Drugi jezik na kojem je dostupan ovaj članak: Bosnian
By: Lazar Bošković, Creative Director, AgitPROP
Modern communication technologies are based on the application of the patents of Nikola Tesla, the world’s and Serbia’s greatest scientist, born on 10 July, 1856. His famous Wardenclyffe Tower and Laboratory in Long Island – built, but also destroyed, at the beginning of the 20th century – were supposed to be the beginning of something which could be called an “analogue Internet”.
Nikola Tesla first announced the essence of his wireless transfer vision in the 1900 “The World System” project. Speaking in the technical dictionary of the time, he described in 12 points what is now called wireless Internet, mobile telephony and GPS. In the autobiography My Inventions (1919) Tesla writes that he started to commercialize “The World System” in 1900, and explains:
“The ‘World-System’ has resulted from a combination of several original discoveries made by the inventor in the course of long continued research and experimentation. It makes possible not only the instantaneous and precise wireless transmission of any kind of signals, messages or characters, to all parts of the world, but also the inter-connection of the existing telegraph, telephone, and other signal stations without any change in their present equipment.”
Later, in 1908, he described it in more detail in the journal Wireless Telegraphy & Telephony, in the article “The Future of the Wireless Art,” and his prediction of the future was published in 1909 by the New York Times, and the journal Popular Mechanics, in the article “Wireless of the future”, in which Tesla says:
“It will soon be possible, for instance, for a business man in New York to dictate instructions, and have them appear instantly in type in London or elsewhere. He will be able to call up, from his desk, and talk to any telephone subscriber in the world. It will only be necessary to carry an inexpensive instrument, not bigger than a watch, which will enable its bearer to hear anywhere, on sea or land, for distances of thousands of miles. One may listen or transmit speech or song to the uttermost parts of the world. In the same way any kind of picture, drawing, or print can be transferred from one to another. It will be possible to operate millions of such instruments from a single station. Thus it will be a simple matter to keep the uttermost parts of the world in instant touch with each other. The song of a great singer, the speech of a political leader, the sermon of a great divine, the lecture of a man of science may thus be delivered to an audience scattered all over the world.”
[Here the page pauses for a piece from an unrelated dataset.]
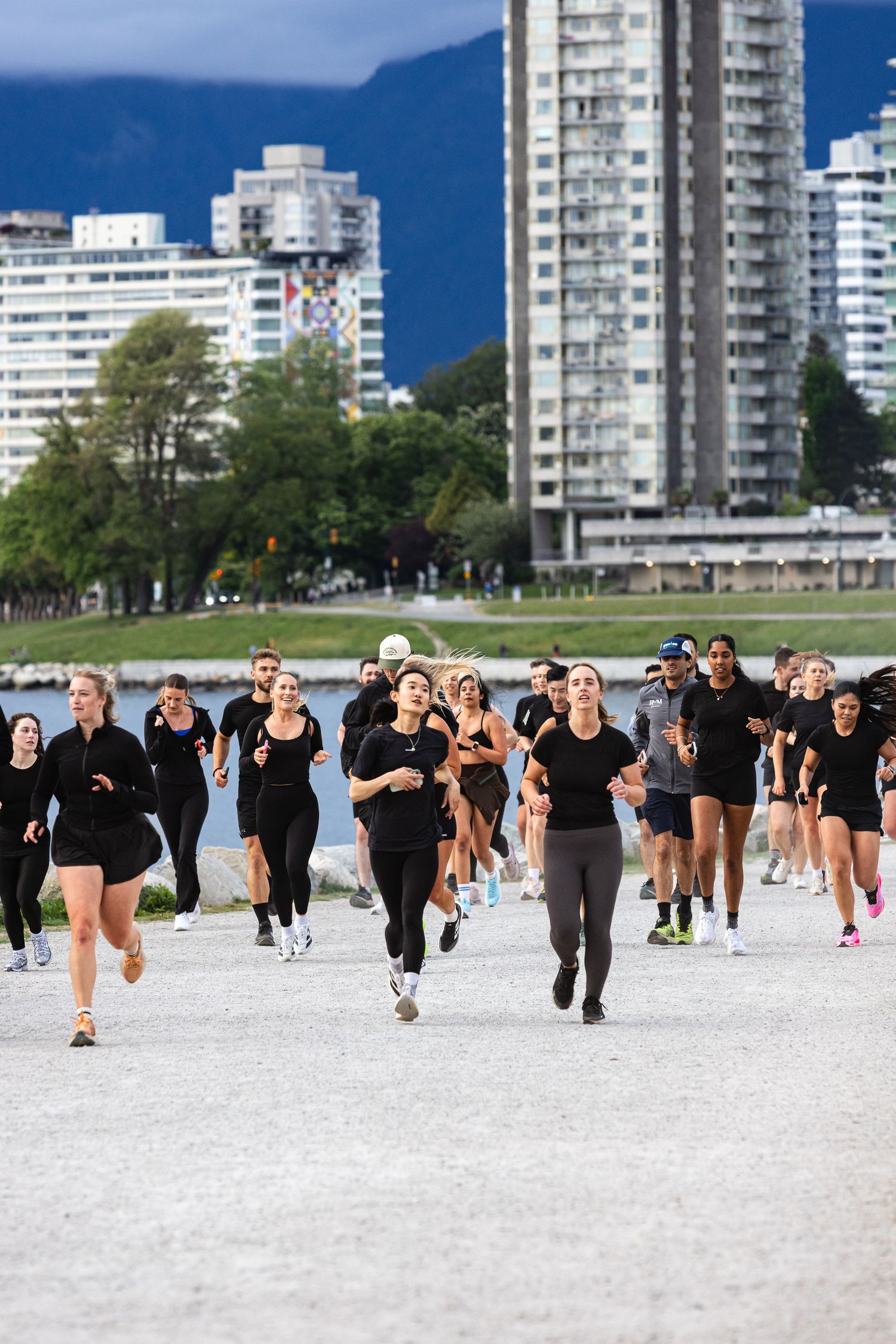 Large group of runners in black athletic wear sprint along a waterfront path with city skyline.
Some mobile phone manufacturers suggest that Tesla’s vision back then was the announcement of smartphones. However, when you look at more comprehensively what Tesla wrote and spoke at the beginning of the 20th century, the conclusion is that his words speak more about the technology of today that unites all aspects of communication and information transfer, and that is the Internet, regardless of the particular device. This is also reflected in the multimedia project “Tesla’s Vision of the Internet”, available at teslinavizijainterneta.rs.
Infographic “Tesla’s Vision of the Internet” shows how everything that Tesla mentioned in 12 points of his “World System” is available to every Internet user today – either via a computer, or via a mobile phone. It shows in parallel Tesla’s visionary words and old photographs from Tesla’s time on the one hand, and on the other hand are descriptions of today’s information and communication technologies whose backbone is exactly the Internet.
Mobile exhibition “Tesla’s Vision of the Internet” has been exhibited seven times since 2012 in Belgrade and Novi Sad. It is available in the form of 15 panels and is freely provided for exhibition needs to interested institutions. The author is Lazar Bošković, it was made in the co-production of the Register of the National Internet Domain of Serbia, the Gallery “O3one” and the Museum of Nikola Tesla, and the designer was Dušan Vojnov (Orange studio).
The motives of the exhibition were the foundation for the monodrama “Tesla and wireless connecting of the world”, which speaks of the significance of his inventions in the contemporary digitized lifestyle. Namely, every digital device in the world (a computer, a smartphone …) has technologies based on Tesla’s patents, such as “and” logical circuit and wireless transmission. Both originate from a patent for a remote control boat, which Tesla showed on a pond in New York’s Madison Square Garden, in 1898.